Dass nicht alle Anliegen mit seinem Job zu tun haben, findet der Polizist auch in Ordnung, man hilft, wo man kann. Da war zum Beispiel dieser Anruf aus Mallorca: Ein Ochsenwerderaner wollte sich im Urlaub einen Mietwagen leihen, hatte aber keinen Führerschein dabei. So bat er kurzerhand seinen Dorfsheriff, er möge den Besitz der Fahrerlaubnis doch bitte per Fax bestätigen. Manchmal allerdings muss selbst der Oberkommissar passen: Wenn er gebeten wird, bei der Steuererklärung zu helfen zum Beispiel.

So gleicht das Leben des Udls – wie man in Hamburg einen Polizisten freundlich nennt – eher dem eines Dorfpastors: immer präsent, immer erreichbar. Schließlich sind bei den Milinovics selbst die Dienst- und die Privat-Telefonnummer identisch. Wenn der Oberkommissar unterwegs ist, bekommt der Anrufer daher auch oft die Frau des Polizisten an die Strippe. Sie schiebt zwar eigentlich in Bergedorf Dienst, in ihrer Freizeit schreibt sie trotzdem geduldig Zettel für ihren Mann – oder gibt gleich selbst Auskunft; schließlich ist auch sie vom Fach.

Nur manchmal ist selbst der geduldige Oberkommissar genervt: Wenn er zum Beispiel die Haustür nicht öffnet und die Leute dann durch den Garten marschieren, um zu sehen, ob er nicht doch auf der Terrasse liegt. Oder wenn wieder mal Anfragen aus ganz Deutschland bei den Milinovics auflaufen, weil die Auskunft der Telekom seit der Umstellung der Behördentelefone auf Hansenet nur noch die Nummern der neun Hamburger Polizeiposten ausspuckt. Im Urlaub bleibt dem Polizistenpaar daher nur ein Ausweg: wegfahren, und zwar vom ersten bis zum letzten Tag.

Milinovic ahnt schon, dass er auch im Ruhestand noch Ansprechpartner in Sachen Polizei bleiben wird. Denn im Gegensatz zu seinem Vorgänger, der vor elf Jahren aus dem Polizeiposten auszog und sich seither nicht mehr in der Gegend blicken lies, will Milinovic in seinem Häuschen den Lebensabend verbringen. Und wer weiß: Wenn der Oberkommissar im Jahr 2011 in Pension geht, ist seine Frau gerade 40 Jahre alt geworden. Sie hätte dann das Alter erreicht, einen Polizeiposten führen zu dürfen.

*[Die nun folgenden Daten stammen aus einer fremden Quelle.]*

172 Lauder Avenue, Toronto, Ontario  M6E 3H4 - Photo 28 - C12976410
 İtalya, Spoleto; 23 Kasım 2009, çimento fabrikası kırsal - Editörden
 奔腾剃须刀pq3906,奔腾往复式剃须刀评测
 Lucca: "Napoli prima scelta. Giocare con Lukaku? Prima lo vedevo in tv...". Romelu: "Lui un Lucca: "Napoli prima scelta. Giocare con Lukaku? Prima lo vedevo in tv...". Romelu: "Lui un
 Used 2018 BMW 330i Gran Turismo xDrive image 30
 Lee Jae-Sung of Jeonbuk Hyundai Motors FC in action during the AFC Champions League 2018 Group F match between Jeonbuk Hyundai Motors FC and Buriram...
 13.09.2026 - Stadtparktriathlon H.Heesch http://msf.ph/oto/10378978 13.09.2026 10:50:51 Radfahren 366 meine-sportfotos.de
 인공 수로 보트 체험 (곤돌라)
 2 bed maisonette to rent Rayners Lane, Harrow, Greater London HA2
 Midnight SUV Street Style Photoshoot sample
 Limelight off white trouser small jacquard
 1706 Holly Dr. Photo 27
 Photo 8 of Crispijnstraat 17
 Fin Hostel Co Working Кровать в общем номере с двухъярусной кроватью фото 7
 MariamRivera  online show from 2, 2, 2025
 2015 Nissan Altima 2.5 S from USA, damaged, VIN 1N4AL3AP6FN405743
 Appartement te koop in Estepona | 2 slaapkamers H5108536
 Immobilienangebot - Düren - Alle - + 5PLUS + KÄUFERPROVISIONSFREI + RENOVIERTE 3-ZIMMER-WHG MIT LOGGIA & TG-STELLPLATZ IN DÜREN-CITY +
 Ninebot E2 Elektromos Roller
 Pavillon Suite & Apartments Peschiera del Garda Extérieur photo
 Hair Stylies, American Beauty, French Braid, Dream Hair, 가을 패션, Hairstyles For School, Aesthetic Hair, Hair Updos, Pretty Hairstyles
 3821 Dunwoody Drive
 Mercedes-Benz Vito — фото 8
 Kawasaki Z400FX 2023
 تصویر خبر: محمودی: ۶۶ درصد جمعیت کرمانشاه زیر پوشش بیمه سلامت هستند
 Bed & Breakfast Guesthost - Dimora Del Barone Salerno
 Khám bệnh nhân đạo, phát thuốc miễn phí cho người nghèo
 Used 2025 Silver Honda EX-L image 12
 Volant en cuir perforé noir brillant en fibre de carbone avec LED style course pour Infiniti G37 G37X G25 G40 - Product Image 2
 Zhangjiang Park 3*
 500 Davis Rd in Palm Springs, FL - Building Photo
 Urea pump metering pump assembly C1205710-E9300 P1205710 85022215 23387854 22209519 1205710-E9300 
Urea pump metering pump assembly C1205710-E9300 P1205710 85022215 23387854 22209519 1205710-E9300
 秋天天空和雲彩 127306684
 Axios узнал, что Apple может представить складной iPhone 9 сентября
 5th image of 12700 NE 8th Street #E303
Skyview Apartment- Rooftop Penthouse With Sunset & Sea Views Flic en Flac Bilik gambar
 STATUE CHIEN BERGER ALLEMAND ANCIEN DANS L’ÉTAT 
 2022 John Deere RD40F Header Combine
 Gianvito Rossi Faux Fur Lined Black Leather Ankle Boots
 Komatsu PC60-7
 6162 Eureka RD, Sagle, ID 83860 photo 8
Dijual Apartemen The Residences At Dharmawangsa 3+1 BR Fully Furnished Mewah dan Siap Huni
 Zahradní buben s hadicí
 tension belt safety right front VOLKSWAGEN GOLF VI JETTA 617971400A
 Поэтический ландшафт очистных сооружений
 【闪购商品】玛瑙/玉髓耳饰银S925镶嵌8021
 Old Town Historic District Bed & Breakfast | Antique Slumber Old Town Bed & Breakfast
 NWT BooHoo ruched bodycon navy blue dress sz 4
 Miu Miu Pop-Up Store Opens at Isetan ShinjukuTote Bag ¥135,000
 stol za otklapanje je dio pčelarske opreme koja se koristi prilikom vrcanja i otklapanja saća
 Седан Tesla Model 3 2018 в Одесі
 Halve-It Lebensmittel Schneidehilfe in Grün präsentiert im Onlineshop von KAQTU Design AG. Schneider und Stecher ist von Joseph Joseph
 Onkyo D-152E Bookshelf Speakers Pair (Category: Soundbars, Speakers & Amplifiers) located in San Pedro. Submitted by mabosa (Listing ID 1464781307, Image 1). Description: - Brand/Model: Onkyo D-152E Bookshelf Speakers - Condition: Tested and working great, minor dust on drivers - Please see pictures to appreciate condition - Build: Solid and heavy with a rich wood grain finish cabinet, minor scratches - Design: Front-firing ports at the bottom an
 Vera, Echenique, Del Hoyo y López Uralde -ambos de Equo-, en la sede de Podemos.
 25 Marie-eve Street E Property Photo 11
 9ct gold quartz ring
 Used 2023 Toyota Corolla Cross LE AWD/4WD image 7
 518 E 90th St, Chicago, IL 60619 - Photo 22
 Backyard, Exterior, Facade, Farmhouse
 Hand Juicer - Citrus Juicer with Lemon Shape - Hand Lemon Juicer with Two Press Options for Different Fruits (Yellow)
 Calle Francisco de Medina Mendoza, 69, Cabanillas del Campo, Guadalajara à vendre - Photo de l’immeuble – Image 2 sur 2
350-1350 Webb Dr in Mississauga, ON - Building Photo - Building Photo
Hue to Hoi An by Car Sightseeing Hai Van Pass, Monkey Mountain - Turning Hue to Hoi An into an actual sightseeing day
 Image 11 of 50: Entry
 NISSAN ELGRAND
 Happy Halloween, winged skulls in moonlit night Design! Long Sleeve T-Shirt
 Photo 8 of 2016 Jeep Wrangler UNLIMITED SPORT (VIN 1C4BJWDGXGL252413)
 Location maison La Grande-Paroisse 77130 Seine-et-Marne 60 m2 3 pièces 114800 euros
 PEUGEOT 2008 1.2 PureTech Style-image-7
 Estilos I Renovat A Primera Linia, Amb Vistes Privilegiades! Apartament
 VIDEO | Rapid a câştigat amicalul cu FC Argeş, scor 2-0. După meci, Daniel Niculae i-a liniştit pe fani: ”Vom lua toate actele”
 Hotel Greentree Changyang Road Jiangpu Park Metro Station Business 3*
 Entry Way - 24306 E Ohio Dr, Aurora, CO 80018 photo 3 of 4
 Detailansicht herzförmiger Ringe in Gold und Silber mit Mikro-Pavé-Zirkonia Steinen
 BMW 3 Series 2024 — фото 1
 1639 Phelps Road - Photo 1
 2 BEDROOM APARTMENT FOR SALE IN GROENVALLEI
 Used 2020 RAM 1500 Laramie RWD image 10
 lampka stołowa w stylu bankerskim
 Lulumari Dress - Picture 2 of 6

Eine billige Lösung für die Behörde wäre das, es müssten weder der Name noch die Telefonnummer und Anschrift geändert werden. Das Leben ohne Privatsphäre, das kennt sie ohnehin. Und die Zettel, die heute sie immer schreibt, wenn jemand den Polizisten nicht persönlich erwischt, die schreibt dann eben ihr Mann – Auskunft inklusive.